Muğla’da iş bırakma eylemine katılımın yüzde 80-90’lar düzeyine geldiğine, ülke çapında da katılımın giderek artması üzerine Sağlık Bakanlığı’nın baskıyı arttırdığına da dikkat çekilen açıklamanın ardından bu kez Muğla Tabip Odası Milas Temsilcisi Dr. Funda Göçer tarafından okunan ve iş bırakma eyleminin nedenlerine ilişkin halkı bilgilendirme amaçlı açıklama ise şöyle:
“1- Reçetelerimize müdahale ile hastalarımıza yapacağımız tedaviye, reçetemize karışılmasını, hastalarımızın maddi ve tıbbi olarak zarar görmesini istemiyoruz. 2- ASM’lerde raporların paralı olması, ücretsiz birinci basamak hizmetlerinin sonu olur.
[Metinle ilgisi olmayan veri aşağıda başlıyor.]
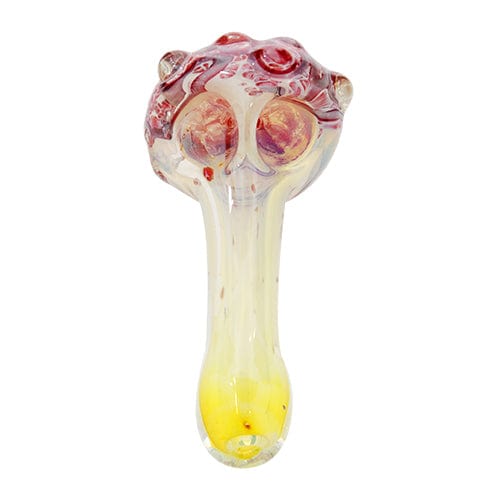 Eightvape Alternatives Glass Hand Pipe w/ Double Bowl & Fumed Accents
ASM’ye para girerse sağlığınız gider. Sağlıkta ticaret ölüm getiriyor, yakın zamanda para peşindeki ahlaksızların katlettiği bebeklerimizi unutmayın. Ve Aile Sağlığı Merkezlerini 6 ayda bir denetlerken, özel hastane bebek yoğun bakımları denetleyemeyenleri de unutmayın. 3- Günde 100 hastaya bakmış gibi 3 dakikada işlem yapmak değil; aşı, izlem, takip ve muayenelere en az 10 dakika insanca zaman ayırmak istiyoruz. 4-Hastalarımızın müşteri, puan, katsayı olarak görülmesini değil, insan olarak değer görmesini istiyoruz. 5- Nedeni bizle ilgiliolmadığı halde son 6 aydır ASM’ye uğramayan vatandaş için ihtar ve maaş kesintisi yapılmasını istemiyoruz. 6- Yılda 7’den fazla hastane başvurusu olan hastaların tedavi hakkının, bizim üzerimizden kontrol edilerek, yine ihtar ve maaş kesintisi ile kısıtlanmak istenmesini kabul etmiyoruz. 7- Geçen yıl 160 binkamu hekimi tüm Türkiye’de 880 milyon muayene yaparken, 25 bin aile hekimi bu muayenelerin 340 milyonunu gerçekleştirmiş, yani tüm kamu hekimlerinin % 15’i olan aile hekimleri toplam muayenelerin % 39’unu gerçekleştirmiştir. Daha fazla yük ve angarya değil işimizi yapmak istiyoruz. 8- Sizlere ait kişisel verilerinizin aile hekimleri ve aile sağlığı çalışanlarına toplattırılarak sigorta şirketleri, özel sağlık işletmelerine satılmasına aracılık yapmak istemiyoruz. 9- 15 yıldır Anayasaya aykırı düzenlemelerle yapılan, bozulan, yamalı bohça haline gelen Aile Hekimliği mevzuatının sahaya, meslek örgütlerine danışılarak ve özlük haklarımız verilerek yeniden düzenlenmesini istiyoruz.”
Bodrum’da …
Aile sağlığı merkezlerinde 5 günlük iş bırakma eylemi programının üçüncü günü olan bugün Milas’taki bu açıklamanın ve bilgilendirme broşürlerinin dağıtılmasından sonra sağlık çalışanları, saat 14’te Bodrum Konacık ASM önünde yapılacak basın açıklamasında meslektaşları ve Bodrumlularla buluşmak üzere ilçemizden ayrıldı.
Yarın ve öbür gün …
Program kapsamında yarın saat 12’de Menteşe pazaryeri girişinde basın açıklaması ve “Aile Hekimliği Ruhuna Fatiha Lokma Etkinliği” ve broşür dağıtımı ile yurttaşlar bilgilendirilecek.Eylemin son günü olan 6 Aralık Cuma günü ise ilimiz merkez ilçesi Menteşe’de siyasi parti il başkanlıkları ziyaret edilecek.